Indicators collected in LMS and through program analytics can therefore be conceptualized as indicators of program engagement. However, the relationship between measures such as time spent on learning tasks or LMS interaction time with subsequent performance and traditionally collected self-reports of engagement is unclear. Although some studies lend support to the assertion that program analytic factors are associated with later performance, others suggest a weak or negative correlation between indicators such as time spent on tasks and self-reported engagement or learning (Allen. Lerner, & Hinrichsen, 1972; Greenwald & Gilmore, 1997; Wagner, Schober, & Spiel, 2008; Wagstaff & Mahmoudi, 1976; Wellman & Marcinkiewicz, 2004).

Current Study

The goal of the current study is to explore relationships between traditional, theory-driven self-report measures of engagement in relation to observational and analytic data collected during a pilot study of REAL media. Understanding how these different approaches to measuring engagement relate to each other allows for a better understanding of how best to evaluate the impact of similar health prevention curricula moving forward. Additionally, an in-depth understanding of engagement advances prevention science through identifying the mechanisms underlying health behavior change rather than focusing on amorphous constructs such as “attitudes” “persuasive effectiveness”, and “intentions” that may correlate with behavior but tell us very little how to create behavior change.

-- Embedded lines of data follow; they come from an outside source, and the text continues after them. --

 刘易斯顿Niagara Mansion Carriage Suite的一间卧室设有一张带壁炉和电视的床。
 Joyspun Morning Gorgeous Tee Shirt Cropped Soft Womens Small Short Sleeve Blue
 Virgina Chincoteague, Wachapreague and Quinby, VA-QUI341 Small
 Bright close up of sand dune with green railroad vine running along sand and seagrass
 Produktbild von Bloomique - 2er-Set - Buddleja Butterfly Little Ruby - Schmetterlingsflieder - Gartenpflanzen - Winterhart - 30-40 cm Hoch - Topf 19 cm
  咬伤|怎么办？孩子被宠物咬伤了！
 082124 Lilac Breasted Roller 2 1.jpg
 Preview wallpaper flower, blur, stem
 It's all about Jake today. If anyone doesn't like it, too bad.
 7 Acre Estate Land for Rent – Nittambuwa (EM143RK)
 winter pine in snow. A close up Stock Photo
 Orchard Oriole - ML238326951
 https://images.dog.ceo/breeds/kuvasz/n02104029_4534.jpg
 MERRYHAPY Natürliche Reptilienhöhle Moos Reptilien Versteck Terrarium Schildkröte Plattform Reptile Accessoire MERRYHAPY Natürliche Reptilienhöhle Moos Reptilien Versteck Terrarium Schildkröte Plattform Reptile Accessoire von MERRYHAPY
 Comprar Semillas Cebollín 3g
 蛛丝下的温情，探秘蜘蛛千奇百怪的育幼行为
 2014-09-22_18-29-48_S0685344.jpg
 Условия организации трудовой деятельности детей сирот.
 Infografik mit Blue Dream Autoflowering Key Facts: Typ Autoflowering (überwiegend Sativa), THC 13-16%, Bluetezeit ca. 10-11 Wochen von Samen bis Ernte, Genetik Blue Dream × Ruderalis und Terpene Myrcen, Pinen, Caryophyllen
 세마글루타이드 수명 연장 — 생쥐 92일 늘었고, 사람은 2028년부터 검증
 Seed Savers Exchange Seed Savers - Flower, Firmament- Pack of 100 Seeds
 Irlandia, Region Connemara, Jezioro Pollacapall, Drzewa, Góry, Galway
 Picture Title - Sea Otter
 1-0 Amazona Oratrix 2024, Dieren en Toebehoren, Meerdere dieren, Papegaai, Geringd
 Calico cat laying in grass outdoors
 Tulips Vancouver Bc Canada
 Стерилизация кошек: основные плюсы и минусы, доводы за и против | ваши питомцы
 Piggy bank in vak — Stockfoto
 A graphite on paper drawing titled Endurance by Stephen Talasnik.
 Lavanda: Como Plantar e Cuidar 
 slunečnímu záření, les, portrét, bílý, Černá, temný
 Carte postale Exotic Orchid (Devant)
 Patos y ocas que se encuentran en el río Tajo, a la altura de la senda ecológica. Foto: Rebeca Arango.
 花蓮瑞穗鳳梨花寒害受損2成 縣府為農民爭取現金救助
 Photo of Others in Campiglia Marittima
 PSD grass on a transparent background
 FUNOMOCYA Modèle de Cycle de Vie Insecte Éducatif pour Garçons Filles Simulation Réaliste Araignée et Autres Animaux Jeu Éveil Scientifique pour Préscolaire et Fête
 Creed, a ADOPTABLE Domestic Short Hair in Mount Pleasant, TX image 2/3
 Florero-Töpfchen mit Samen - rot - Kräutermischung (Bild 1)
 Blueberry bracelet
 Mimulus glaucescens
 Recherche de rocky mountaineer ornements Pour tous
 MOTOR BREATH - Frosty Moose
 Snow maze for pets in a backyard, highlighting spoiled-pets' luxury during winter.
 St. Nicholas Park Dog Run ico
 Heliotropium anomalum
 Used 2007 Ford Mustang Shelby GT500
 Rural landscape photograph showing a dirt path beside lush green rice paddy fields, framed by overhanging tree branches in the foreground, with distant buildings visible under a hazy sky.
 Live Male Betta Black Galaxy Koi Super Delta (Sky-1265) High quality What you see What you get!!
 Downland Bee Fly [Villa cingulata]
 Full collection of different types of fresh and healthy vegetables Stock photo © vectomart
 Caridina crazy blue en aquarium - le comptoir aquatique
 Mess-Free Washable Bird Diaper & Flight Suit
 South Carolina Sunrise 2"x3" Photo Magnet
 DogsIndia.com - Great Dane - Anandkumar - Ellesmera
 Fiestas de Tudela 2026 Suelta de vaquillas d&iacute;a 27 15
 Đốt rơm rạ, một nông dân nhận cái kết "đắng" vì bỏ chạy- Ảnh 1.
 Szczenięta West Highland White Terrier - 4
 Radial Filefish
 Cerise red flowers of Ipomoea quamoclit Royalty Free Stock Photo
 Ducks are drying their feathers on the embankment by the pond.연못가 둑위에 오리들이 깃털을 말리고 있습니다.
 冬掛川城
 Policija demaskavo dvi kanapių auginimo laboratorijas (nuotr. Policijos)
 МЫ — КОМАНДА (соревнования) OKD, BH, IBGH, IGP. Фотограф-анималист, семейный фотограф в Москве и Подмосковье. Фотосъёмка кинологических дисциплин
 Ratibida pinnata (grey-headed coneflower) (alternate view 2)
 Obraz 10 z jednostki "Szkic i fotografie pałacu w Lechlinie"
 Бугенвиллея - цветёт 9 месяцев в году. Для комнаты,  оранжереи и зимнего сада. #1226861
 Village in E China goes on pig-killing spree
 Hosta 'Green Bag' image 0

Consistent with our conceptualization of engagement, TAI guides the self-report measurement. Greene and colleagues (2015) developed the Audience Engagement Scale (AES) to capture the cognitive processes (i.e., arousal and involvement) that are hypothesized to underlie engagement. More specifically, the AES captures one’s personal reflection, critical thinking, and perceived novelty as related to the curriculum. In addition, we also include self-report measures of usability (e.g., Brooke, 1996, Nokelainen, 2006). Usability is generally meant to captures the user’s satisfaction (e.g., effectiveness, ease of use) with a given system such as an online learning program. Although such measures were developed with the goal of assessing one’s satisfaction with a given system, there is arguably some overlap with one’s attention and involvement as described by TAI. Further, usability measures are commonly implemented when evaluating online programs, thus it is worth exploring the extent to which these often used self-report scales correlate with the more nuanced AES, which is tailored to TAI. Given that TAI was developed to correspond to face-to-face curricula, prior measurement papers on this theory do not incorporate observational and analytic measures that are readily available given the online format of REAL media. As discussed earlier, it is possible that observational measures like word count serve as indicators of involvement. For example, responses with longer word count and/or one’s choice to click on optional content could be reflective of increased personal interest or reflectiveness. If that is the case, we would expect to see strong correlations between self-report, observational, and analytic measures. It is also possible the available observational and analytic measures have less overlap with self-report measures, which would suggest they may reflect another dimension of engagement or construct entirely (e.g., these indicators could be reflective of cognitive ability or overload). Accordingly, we address the following research question: What are the relationships among self-report, observational, and analytic measures of engagement in relation to REAL media, a youth media literacy substance prevention program delivered via an online learning platform?

Method

Sample

Participants were recruited among New Jersey 4-H youth club members in Fall 2015 to participate in a pilot study of the REAL media program. 4-H clubs are part of a national, United States Department of Agriculture (USDA)-sponsored network of youth organizations using positive development and experiential learning to cultivate youth citizenship, leadership, responsibility, and life skills. 4-H members have substance use patterns that mirror the general population despite the protective influence of their club involvement (Lerner & Lerner, 2013). Participants provided assent after research staff obtained parental consent and were compensated with a $30 gift card on completion of the single research session. A university Institutional Review Board approved the study procedures.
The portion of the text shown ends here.